Marginal Propensity to Save
The fraction of a change in income that is saved; the change in income that caused it.
Saving Function
The relationship between saving and income (O.t.c)
Net Wealth
the value of assets minus liabilities
Life-Cycle Model of Consumption and Saving
Young people borrow, middle agers pay off debts and save, and older people draw down their savings; on average net savings over a lifetime are small.
Investment Function
the relationship between the amount businesses plan to invest and the economy's income, other things considered
Autonomous
A term that means "independent"; for example, autonomous investment is independent of income.

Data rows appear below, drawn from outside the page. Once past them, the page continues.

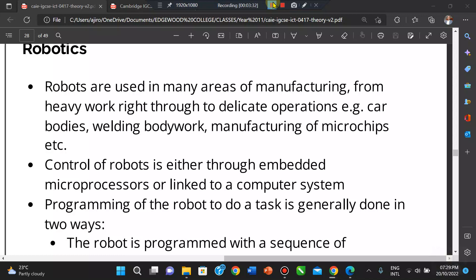Robots can work non-stop and are less expensive in the long term, although expensive to buy initially. You don't need to pay them wages, they have high productivity, and there's no need for holidays. They provide greater consistency and can perform repetitive tasks, leaving humans free to do more skilled work. They can carry out different tasks using different end attachments, such as spray guns and welding guns.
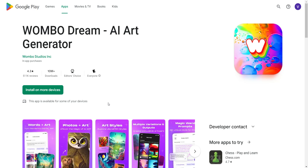Welcome, my digital nomads. In today's video I'm going to be introducing three AI art generators that you can use on your Android devices. I was asked this by a viewer, so I'm going to go ahead and produce content that you guys want to see.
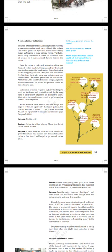First point: traders sell the cotton at the Karnul cotton market. Second: ginning mill buys the cotton. Third: ginning mill removes the seeds and presses the cotton into bales. Fourth: spinning mill buys the bales. Fifth: spinning mill spins the cotton into yarn. Spinning mill sells the yarn to yarn dealers.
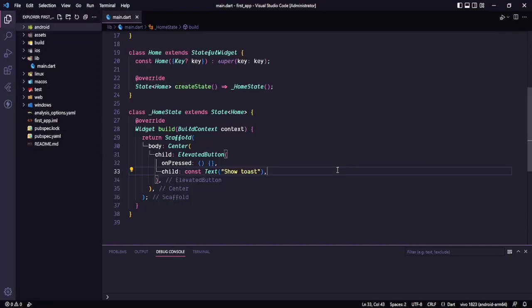Hello everyone, welcome back to the channel. In this video we are going to discuss how to use native code in our Flutter application in an easy way, so that you won't have any difficulty writing any code. Sometimes when we need a functionality that is not available for Flutter, we need to write native code for that, and many of you don't know how to do this.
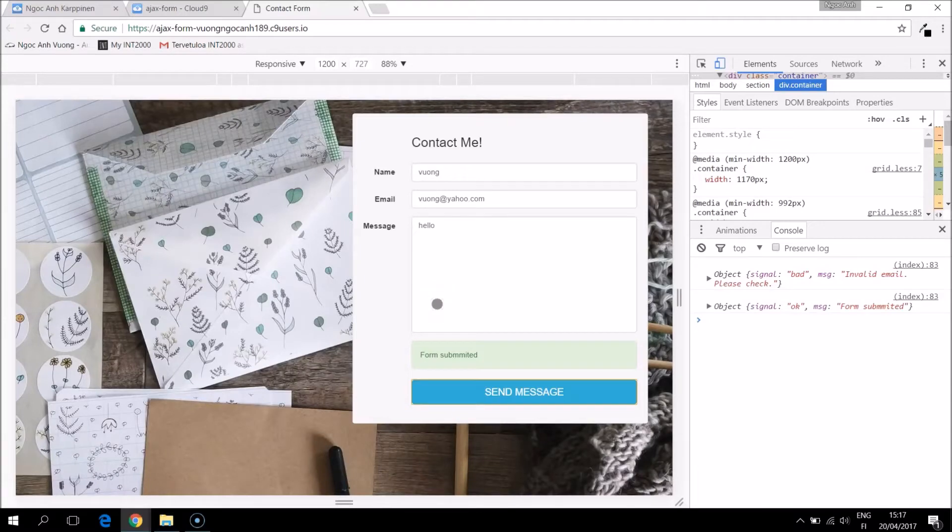Hello, this is the last video in this series. In this video we will send the contact information to our email.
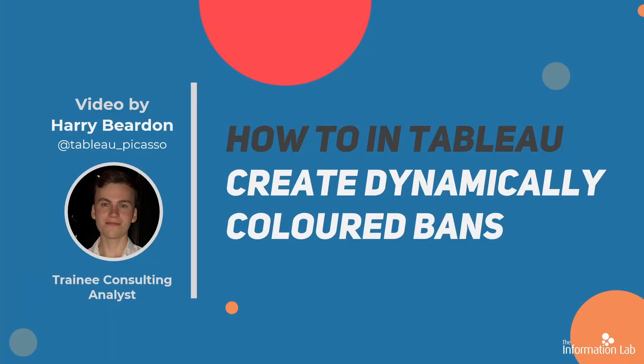Hi, I'm Harry Bearden from DataSchools Cohort 23 and today I'll show you how to create dynamically colored big numbers depending on whether they met targets or not.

Government Purchase Function
the relationship between government purchases and the economy's income, (o.t.c)
Net Exports
The relationship between net exports and the economy's income,(o.t.c)
Planned Investment
the amount of investment that firms plan to undertake during a year.
Actual Investment
The amount of investment actually undertaken; equals planned investment plus unplanned changes in inventories.
Aggregate Expenditure Line
A relationship showing, for a given price level, planned spending at each income, or real GDP; the total of C+I+G+(X-M) at each income, or real GDP.
Income-Expenditure Model
A relationship between aggregate income and aggregate spending that determines, for a given price level, where the amount people plan to spend equals the amount produced.
Simple Spending Multiplier
The ratio of a change in real GDP demanded to the initial change in spending that brought it about; the numerical value of the simple spending multiplier is 1(1-MPC); call "simple" because only consumption varies with income.
Nominal Wage
the wage measured in current dollars; the dollar amount on a paycheck.
Real Wage
The wage measured in dollars of constant purchasing power; the wage measured in terms of the quantity of goods and services it will buy.
Potential Output
The economy's maximum sustainable output, given the supply of resources, technology, and production incentives; the output level when there are no surprises about the price level.
Natural Rate of Unemployment
the unemployment rate when the economy produces its potential output
Short Run
In macroeconomics, a period during which some resource prices, especially those of labor, are fixed by explicit or implicit agreements.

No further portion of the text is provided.